Williams, Mark (1951– ), is an academic critic and editor of contemporary New Zealand literature. Born and educated in Auckland, he went from Auckland University to the University of British Columbia for his PhD (1983), returning to lecture at Auckland and Waikato before moving to the University of Canterbury, where he is now an Associate Professor.

His major publications on New Zealand literature as author are Leaving the Highway: Six Contemporary New Zealand Novelists (1990) and his chapter on ‘Literary Scholarship, Criticism, and Theory’ in the revised OHNZLE (1998). As editor he has published The Caxton Anthology: New Zealand Poetry 1972–1986 (1987), which marked the fiftieth anniversary of Caxton Press; Dirty Silence: Aspects of Language and Literature in New Zealand (ed. with Graham McGregor, 1991); In the Same Room: Conversations with New Zealand Writers (ed. with Elizabeth Alley, 1992); Opening the Book: New Essays on New Zealand Writing (ed. with Michele Leggott, 1995); The Source of the Song: New Zealand Writers on Catholicism (1995); and An Anthology of New Zealand Poetry in English (ed. with Jenny Bornholdt and Gregory O’Brien, Oxford University Press, 1997).

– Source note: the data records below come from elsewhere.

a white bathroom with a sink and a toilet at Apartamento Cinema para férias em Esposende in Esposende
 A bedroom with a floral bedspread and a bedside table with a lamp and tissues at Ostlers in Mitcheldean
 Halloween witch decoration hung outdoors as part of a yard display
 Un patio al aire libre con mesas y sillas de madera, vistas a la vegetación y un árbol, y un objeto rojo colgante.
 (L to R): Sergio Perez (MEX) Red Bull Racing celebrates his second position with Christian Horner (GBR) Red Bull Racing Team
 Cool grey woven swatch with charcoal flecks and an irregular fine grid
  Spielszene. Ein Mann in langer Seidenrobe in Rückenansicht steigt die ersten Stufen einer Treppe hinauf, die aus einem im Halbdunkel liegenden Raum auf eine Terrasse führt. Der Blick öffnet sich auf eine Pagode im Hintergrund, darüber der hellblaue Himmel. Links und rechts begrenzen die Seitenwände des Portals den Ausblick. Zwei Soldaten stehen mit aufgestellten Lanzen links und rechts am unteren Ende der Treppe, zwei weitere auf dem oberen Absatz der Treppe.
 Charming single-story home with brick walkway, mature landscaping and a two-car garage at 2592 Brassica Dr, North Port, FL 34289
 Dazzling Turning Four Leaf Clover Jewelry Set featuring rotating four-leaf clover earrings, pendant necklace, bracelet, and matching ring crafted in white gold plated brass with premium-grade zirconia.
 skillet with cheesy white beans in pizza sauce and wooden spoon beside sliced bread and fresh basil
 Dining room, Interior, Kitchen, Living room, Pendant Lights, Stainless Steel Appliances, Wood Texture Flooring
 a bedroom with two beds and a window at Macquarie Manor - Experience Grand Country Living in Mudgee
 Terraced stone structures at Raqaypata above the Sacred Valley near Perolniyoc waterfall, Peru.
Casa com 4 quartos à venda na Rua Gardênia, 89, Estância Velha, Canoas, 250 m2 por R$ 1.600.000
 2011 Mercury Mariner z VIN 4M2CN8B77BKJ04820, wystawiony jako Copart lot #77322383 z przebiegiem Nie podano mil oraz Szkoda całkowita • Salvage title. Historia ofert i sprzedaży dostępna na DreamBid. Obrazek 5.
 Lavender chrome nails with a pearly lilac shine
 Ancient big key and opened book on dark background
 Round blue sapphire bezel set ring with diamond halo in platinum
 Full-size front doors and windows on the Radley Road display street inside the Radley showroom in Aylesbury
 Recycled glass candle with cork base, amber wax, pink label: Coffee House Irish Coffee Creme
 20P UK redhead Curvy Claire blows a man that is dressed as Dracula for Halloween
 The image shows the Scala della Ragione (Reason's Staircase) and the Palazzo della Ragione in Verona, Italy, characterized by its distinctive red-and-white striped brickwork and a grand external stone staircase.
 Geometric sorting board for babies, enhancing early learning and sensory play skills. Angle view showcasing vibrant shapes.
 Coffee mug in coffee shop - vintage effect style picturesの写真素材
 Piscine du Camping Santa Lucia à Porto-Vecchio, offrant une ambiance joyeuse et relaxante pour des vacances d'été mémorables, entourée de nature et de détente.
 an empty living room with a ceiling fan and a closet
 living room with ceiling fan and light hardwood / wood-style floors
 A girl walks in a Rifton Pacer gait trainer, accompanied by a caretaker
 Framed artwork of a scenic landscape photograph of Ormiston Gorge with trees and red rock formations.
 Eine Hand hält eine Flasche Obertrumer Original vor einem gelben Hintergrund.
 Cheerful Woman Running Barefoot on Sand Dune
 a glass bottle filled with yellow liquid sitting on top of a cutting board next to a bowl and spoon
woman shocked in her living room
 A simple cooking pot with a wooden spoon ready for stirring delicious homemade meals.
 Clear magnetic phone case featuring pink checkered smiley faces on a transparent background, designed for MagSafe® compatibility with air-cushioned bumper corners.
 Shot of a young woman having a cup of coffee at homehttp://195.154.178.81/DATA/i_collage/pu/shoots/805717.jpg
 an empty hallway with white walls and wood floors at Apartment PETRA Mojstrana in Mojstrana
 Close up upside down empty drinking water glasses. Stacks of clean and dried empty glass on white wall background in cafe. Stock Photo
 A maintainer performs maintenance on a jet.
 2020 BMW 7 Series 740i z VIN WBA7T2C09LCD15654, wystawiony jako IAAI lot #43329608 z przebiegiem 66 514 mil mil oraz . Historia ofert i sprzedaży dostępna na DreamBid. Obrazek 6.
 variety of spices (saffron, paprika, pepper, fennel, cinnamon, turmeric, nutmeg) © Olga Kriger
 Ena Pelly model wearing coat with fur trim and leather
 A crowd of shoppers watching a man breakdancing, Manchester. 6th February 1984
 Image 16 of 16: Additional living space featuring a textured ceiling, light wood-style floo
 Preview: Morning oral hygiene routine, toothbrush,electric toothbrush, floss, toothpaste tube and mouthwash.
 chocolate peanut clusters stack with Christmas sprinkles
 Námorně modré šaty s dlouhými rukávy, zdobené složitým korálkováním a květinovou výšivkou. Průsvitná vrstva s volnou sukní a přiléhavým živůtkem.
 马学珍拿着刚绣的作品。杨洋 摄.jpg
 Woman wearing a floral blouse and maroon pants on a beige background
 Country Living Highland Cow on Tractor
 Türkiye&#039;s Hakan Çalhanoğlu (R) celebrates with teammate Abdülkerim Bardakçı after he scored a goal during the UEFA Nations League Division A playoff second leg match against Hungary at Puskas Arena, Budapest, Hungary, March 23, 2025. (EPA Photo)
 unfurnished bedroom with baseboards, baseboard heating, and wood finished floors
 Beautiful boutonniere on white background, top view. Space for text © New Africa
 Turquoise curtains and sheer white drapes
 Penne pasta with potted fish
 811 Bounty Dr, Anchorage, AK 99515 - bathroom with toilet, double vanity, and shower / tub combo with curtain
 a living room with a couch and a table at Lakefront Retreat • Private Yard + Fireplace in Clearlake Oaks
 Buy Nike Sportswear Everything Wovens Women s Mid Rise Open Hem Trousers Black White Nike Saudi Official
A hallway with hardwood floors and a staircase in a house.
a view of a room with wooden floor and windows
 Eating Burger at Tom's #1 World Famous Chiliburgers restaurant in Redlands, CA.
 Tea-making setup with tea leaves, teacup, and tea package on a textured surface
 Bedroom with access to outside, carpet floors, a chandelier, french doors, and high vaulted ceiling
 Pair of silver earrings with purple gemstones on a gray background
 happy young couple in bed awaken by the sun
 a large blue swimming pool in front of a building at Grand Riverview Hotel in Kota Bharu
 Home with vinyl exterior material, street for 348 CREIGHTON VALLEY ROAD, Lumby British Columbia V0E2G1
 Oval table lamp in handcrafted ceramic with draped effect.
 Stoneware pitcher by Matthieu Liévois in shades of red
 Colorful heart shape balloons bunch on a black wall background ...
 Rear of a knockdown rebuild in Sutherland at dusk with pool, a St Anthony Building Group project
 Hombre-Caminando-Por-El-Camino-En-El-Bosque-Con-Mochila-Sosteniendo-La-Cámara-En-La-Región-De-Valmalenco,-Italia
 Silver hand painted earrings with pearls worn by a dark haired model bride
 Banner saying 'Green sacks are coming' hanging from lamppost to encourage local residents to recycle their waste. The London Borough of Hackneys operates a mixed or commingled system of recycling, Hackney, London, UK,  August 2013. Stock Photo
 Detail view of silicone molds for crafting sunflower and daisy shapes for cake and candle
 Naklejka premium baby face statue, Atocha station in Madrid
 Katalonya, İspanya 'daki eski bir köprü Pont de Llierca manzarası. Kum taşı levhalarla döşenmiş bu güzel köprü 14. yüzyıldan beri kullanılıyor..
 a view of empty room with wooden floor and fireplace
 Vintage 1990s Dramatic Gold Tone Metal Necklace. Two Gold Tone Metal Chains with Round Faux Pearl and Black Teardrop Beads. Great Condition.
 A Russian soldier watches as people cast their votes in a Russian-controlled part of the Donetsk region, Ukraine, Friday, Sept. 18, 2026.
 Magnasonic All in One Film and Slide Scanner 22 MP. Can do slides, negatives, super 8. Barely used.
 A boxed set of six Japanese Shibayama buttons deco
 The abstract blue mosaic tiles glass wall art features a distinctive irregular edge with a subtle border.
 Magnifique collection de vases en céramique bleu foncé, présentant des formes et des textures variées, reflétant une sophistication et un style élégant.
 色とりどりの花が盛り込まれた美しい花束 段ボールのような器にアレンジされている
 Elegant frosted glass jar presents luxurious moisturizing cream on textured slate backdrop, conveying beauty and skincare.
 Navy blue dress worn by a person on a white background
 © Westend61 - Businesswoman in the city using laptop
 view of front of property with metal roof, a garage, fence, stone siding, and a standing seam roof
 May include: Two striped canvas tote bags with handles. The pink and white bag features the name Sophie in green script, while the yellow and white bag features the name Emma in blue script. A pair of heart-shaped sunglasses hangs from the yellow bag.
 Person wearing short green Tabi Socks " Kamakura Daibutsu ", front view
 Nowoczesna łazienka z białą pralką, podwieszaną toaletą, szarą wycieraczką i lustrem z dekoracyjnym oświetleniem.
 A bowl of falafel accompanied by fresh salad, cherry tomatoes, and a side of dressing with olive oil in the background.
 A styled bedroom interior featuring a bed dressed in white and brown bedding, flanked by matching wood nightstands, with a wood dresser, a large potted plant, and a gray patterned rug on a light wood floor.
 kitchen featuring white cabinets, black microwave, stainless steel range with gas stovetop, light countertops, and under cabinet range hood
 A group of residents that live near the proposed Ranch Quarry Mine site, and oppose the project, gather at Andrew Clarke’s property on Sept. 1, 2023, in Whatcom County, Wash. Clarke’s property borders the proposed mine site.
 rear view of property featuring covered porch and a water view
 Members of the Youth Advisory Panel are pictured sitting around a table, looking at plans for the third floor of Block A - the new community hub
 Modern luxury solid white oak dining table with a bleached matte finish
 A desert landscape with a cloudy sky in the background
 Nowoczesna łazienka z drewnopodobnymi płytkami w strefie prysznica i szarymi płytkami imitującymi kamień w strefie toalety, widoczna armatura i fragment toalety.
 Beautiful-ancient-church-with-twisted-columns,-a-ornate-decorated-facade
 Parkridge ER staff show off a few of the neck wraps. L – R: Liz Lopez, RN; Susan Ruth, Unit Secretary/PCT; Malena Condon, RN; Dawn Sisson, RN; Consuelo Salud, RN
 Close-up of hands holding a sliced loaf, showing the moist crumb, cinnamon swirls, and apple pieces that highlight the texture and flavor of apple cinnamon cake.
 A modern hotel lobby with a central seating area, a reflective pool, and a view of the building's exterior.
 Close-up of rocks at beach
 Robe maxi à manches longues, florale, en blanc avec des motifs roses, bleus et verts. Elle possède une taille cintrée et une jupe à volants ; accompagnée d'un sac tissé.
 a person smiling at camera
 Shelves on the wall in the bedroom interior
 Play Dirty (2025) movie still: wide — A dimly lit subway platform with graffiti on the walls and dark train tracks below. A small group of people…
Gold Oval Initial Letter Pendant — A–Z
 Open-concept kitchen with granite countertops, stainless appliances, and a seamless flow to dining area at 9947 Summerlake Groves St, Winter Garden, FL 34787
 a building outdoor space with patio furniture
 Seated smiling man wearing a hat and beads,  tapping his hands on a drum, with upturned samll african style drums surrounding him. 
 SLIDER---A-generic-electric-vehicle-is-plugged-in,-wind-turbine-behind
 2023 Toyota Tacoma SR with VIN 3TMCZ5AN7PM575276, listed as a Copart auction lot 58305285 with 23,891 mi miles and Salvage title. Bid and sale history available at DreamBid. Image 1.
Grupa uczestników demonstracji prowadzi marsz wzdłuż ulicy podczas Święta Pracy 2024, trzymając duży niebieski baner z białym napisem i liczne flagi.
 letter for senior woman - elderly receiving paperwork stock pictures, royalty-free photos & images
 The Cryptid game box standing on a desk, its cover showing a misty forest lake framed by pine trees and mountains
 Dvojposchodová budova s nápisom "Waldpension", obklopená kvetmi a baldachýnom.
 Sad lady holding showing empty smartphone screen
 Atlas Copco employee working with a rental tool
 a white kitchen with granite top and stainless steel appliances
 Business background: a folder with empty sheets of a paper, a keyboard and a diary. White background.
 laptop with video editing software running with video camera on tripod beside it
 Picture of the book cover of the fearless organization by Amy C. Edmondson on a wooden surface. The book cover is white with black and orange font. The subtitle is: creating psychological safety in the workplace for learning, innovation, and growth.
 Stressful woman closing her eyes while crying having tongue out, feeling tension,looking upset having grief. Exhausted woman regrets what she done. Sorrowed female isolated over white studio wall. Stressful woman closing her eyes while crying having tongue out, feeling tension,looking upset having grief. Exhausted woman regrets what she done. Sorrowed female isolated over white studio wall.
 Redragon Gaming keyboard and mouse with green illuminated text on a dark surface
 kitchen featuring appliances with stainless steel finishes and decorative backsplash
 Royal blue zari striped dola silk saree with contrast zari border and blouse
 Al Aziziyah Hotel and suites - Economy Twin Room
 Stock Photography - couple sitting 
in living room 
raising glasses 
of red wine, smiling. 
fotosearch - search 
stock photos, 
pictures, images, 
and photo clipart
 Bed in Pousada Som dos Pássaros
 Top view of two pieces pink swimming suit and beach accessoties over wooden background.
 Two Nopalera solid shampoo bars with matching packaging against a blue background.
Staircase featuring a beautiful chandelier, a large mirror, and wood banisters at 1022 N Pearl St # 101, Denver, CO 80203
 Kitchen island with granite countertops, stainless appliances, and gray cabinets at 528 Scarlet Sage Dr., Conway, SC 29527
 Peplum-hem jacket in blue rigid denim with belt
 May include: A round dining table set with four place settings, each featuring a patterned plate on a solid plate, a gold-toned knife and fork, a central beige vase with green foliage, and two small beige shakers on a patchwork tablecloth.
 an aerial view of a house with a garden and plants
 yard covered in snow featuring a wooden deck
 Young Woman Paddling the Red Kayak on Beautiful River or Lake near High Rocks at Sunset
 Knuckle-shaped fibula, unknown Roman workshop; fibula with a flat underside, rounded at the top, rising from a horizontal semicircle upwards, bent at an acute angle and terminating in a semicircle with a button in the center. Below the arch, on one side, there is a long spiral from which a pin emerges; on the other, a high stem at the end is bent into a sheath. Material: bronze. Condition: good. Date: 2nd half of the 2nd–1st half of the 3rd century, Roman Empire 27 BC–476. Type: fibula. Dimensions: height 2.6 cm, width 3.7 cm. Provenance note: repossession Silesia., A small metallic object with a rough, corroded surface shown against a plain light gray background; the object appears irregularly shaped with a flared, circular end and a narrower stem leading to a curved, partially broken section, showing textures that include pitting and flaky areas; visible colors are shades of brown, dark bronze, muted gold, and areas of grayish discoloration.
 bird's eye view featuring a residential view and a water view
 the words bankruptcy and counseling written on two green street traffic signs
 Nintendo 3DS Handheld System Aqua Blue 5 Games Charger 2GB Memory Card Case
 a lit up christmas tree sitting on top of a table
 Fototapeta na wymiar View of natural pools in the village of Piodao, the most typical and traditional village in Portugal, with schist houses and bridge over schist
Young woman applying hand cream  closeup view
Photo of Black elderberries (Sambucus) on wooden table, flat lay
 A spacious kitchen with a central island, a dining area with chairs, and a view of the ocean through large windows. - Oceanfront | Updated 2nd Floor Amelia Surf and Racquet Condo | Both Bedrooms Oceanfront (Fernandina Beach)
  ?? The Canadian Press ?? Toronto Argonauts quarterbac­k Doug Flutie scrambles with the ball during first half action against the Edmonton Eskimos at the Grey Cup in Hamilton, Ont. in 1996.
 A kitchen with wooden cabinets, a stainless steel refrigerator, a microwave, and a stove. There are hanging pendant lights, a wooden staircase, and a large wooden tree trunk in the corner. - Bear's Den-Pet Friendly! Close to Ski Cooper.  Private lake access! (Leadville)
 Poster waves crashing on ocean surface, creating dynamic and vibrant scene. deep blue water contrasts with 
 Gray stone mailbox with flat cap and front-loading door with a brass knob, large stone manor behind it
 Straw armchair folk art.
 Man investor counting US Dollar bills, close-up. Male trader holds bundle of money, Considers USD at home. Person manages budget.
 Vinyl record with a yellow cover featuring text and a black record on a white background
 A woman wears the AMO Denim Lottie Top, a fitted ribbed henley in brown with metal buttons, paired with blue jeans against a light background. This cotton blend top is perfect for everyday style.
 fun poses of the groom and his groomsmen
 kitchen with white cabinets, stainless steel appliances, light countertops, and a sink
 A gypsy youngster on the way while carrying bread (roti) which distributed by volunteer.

He is one of the first academics to focus his publications so predominantly on contemporary New Zealand writing. His work also shows some sense of international context, which enables him to argue in Leaving the Highway against the ‘violent dualities’ of New Zealand culture and the ‘binary habits of New Zealand criticism’ and advocate instead independence, difference, continuities and ‘complex wholeness’.

ADDITIONAL INFORMATION

Mark is now Emeritus Professor of English Literature at Victoria University of Wellington. Professor Williams has been a member of the Victoria University of Wellington community for over a decade, beginning as a visiting scholar at the Stout Research Centre in 2006, and continuing as a teacher in the English Programme where he became Associate Professor in 2009 and was promoted to Professor in 2011.